Виражи эскалации
Часть 23 из 76 Информация о книге
Для доступа к библиотеке пройдите авторизацию
Матросы, под руководством инженера не мешкая начали собирать, устанавливая секции контейнера, пряча машину.
«А ничего так – занимательный разговор получился», – уже уходя, оглянулся Скопин. Увидел, как Синицын с коллегами что-то воодушевлённо обсуждают, как это любят делать летуны, рисуя ладонями элементы пилотирования.
«Вот такие они – пилоты».
Он, конечно, имел приблизительное (непрямое) представление о работе лётчика-истребителя: перегрузки, боевое напряжение до сброса нескольких килограммов веса, всякие нештатки. Кто бы сомневался – служба непростая и, бесспорно, нелёгкий труд.
«Но кто такие пилоты?

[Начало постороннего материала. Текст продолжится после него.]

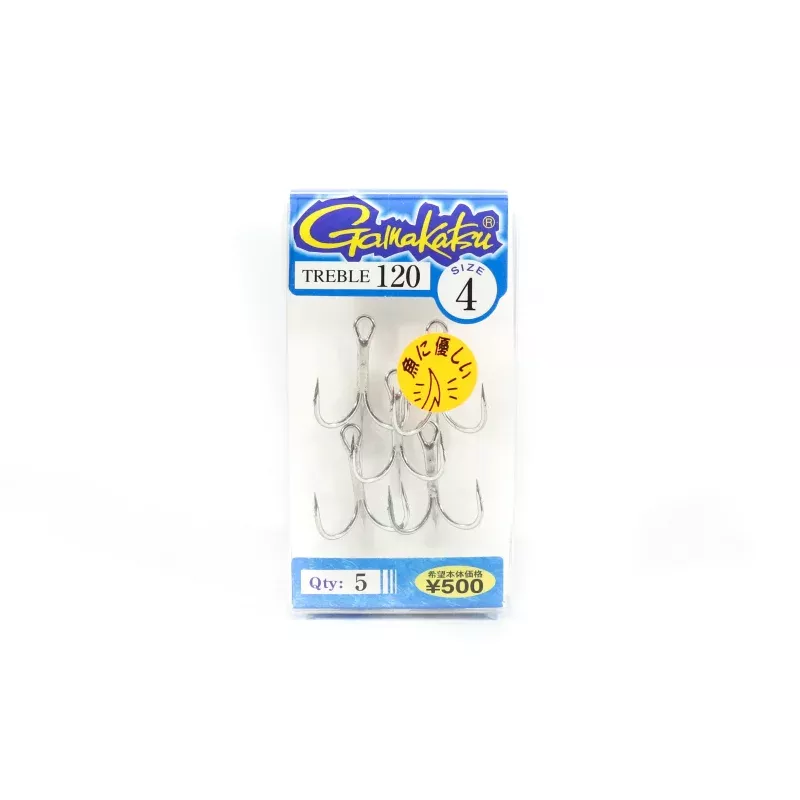 Gamakatsu 66212 Treble Hook Treble 120 Size 4 (0418)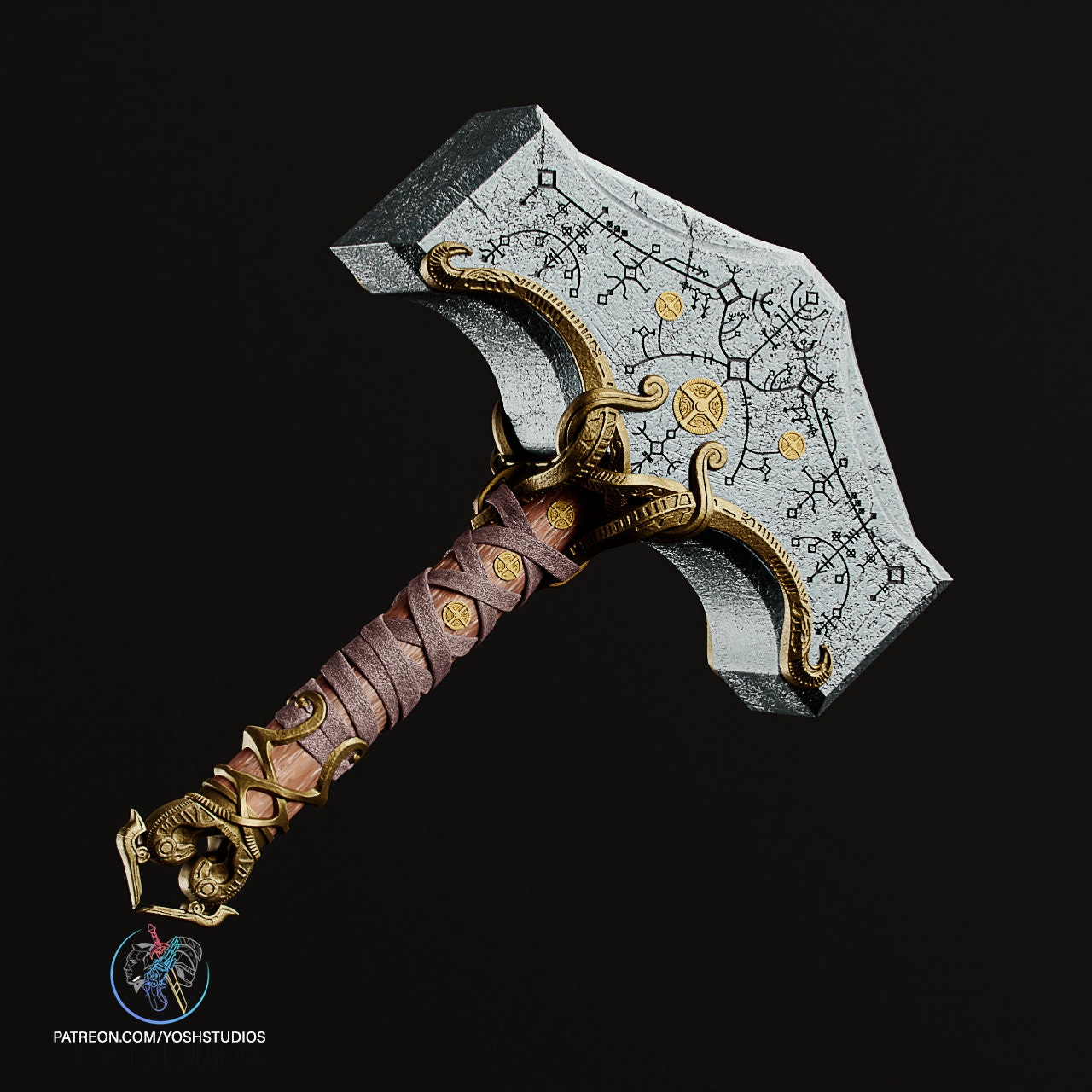 Martillo Thor God Of War Ragnarok Premium Foamy Cosplay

По сути, наездники-эксплуатанты, фехтовальщики истребительных рапир, несомненно, могущие оценить достоинства и недостатки тех или иных машин, сравнивая, давая свою оценку, как сейчас.
Я вот тоже могу сказать „мой корабль“. Но у них это чувство, наверное, особенно обострено – когда ты в кокпите единоличным хозяином, техники заправили всем, чем положено, и ты отрываешься от земли, чувствуя власть над сверхзвуковой машиной в трёхмерной стихии неба! Это поднимает собственный статус, прежде всего в собственных глазах – крещение небом и всё такое… Восторг овладевает тобой полностью!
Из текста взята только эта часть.